Barcelona es la gran víctima del Procés, de la inestabilidad política que vive Catalunya. La ciudad de los prodigios, de la innovación y del diseño es, hoy, la ciudad de los horrores, la división, la tensión y los disturbios. En sus calles se palpa mucho odio y la violencia ya no es residual en las jornadas más señaladas. Que un Consejo de Ministros provoque cierres masivos y acabe a porrazos es un síntoma inequívoco de que hay algo aquí que va mal. Muy mal.
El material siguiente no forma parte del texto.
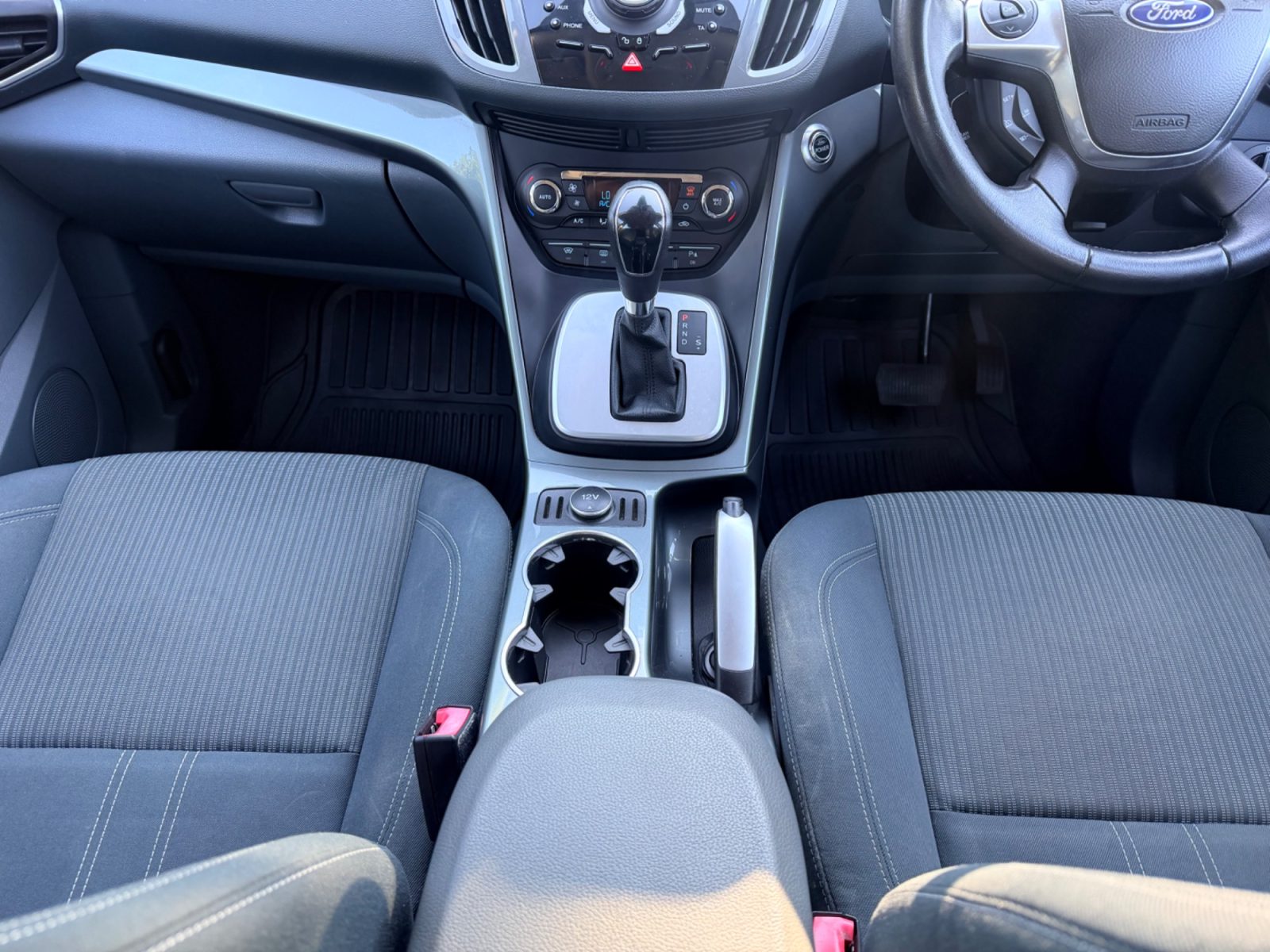 Ford C-Max Titanium 2013 — photo 10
Mal asunto que las cargas policiales y los destrozos del mobiliario público sean protagonistas de una jornada que debería poner el foco en las propuestas de Pedro Sánchez y en el último pleno municipal de 2018. Barcelona vive días de mucha crispación, de paranoias colectivas, mientras encoge su economía y se agrava la inseguridad en sus calles.
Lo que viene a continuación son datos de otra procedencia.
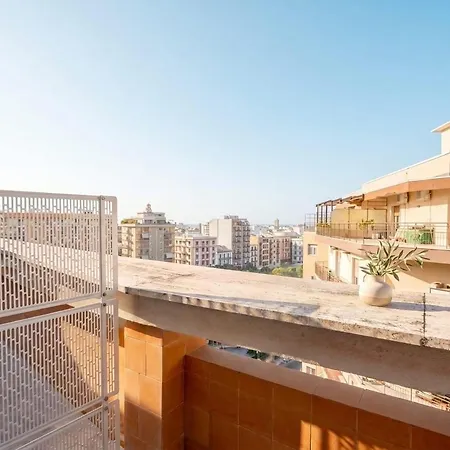 Oberdan Panorama - Modern Penthouse Apart-hotel Bari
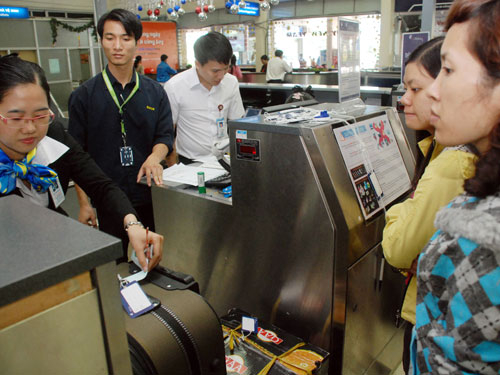 Giá tăng, khó kiềm chế lạm phát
Barcelona ha sufrido una peligrosa metamorfosis. Ya no es la ciudad amable que admiraba toda Europa. El encanto de Gaudí y su oferta lúdica y cultural han sido sustituidos por las imágenes virales de sus revueltas. Este viernes, los incidentes de Drassanes o la Via Laietana abrían la información internacional, por ejemplo, de un diario tan prestigio como el Times londinense.

La división de la sociedad barcelonesa es muy peligrosa y los llamamientos al odio son intolerables. Solo el diálogo y la generosidad de todas las partes implicadas en el conflicto aliviarán los problemas de una Barcelona que sufre mucho, demasiado, y que dentro de cinco meses se jugará su futuro en unas elecciones inciertas. Unas elecciones marcadas, una vez más, por la eterna división entre independentistas y constitucionalistas, con ofertas variopintas en ambos bloques.

La cuestión identitaria no puede minimizar el debate sobre las necesidades reales de Barcelona, una ciudad que debe recuperar su espíritu abierto y cosmopolita. El aislamiento es la peor medicina para una metrópoli con nuevos retos que vivió su última época de esplendor cuando fue de la mano con el gobierno de la Generalitat y de Madrid.